Information provided section start

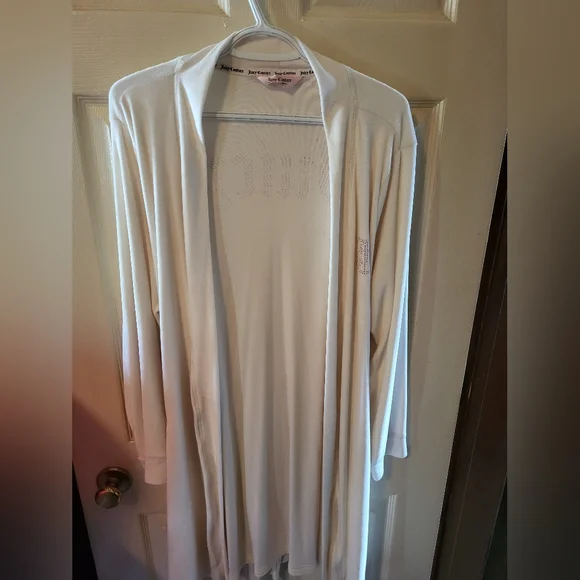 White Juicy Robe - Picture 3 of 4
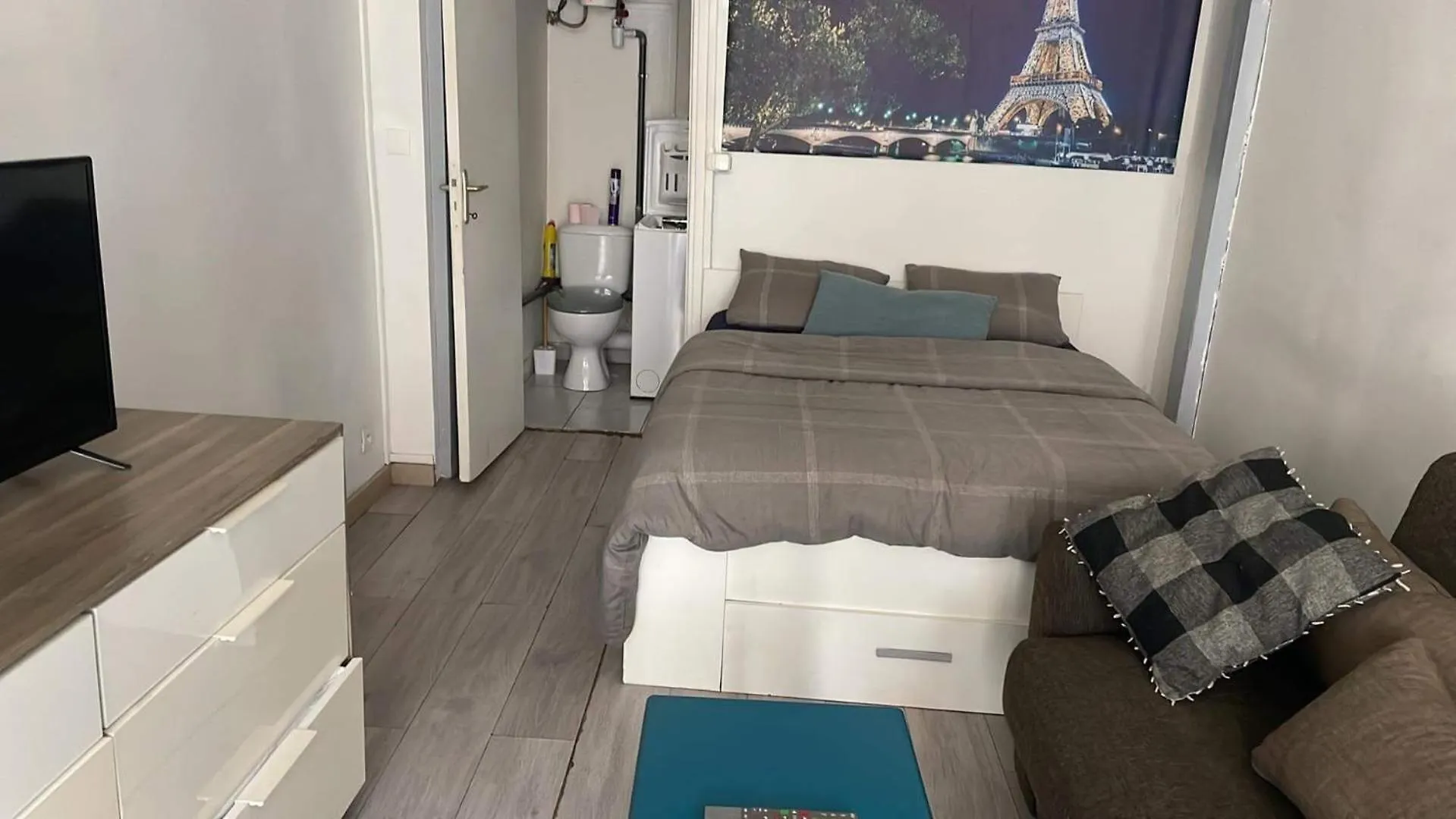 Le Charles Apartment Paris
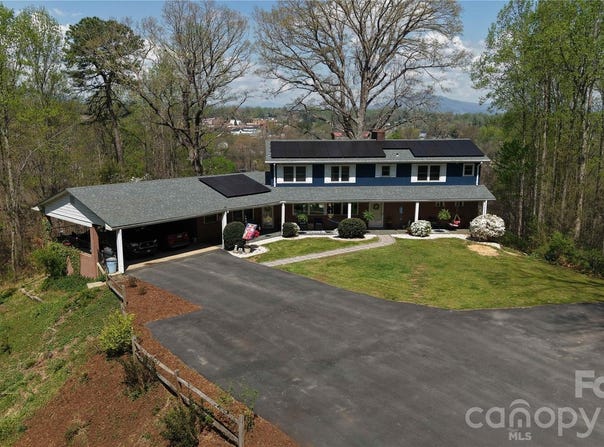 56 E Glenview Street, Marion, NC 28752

Information provided section end

What you have to do
What is needed is every line from the one with "Le Charles Apartment Paris" to the final line of the listing above, set down exactly and with the pictures left out.

Task result
 Le Charles Apartment Paris
 56 E Glenview Street, Marion, NC 28752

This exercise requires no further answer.